## WHAT IS BEING ASKED
The listing is to be reproduced exactly, excluding its pictures.

## SUPPLIED MATERIAL
※
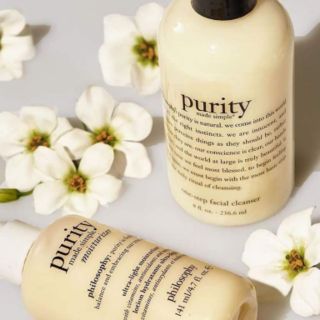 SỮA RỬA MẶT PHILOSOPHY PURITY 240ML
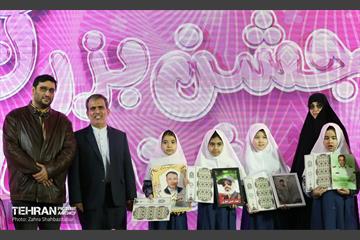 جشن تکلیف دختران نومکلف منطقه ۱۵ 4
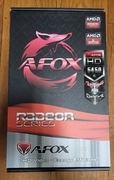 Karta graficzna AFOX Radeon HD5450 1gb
※
## ANSWER SPACE
 SỮA RỬA MẶT PHILOSOPHY PURITY 240ML
 جشن تکلیف دختران نومکلف منطقه ۱۵ 4
 Karta graficzna AFOX Radeon HD5450 1gb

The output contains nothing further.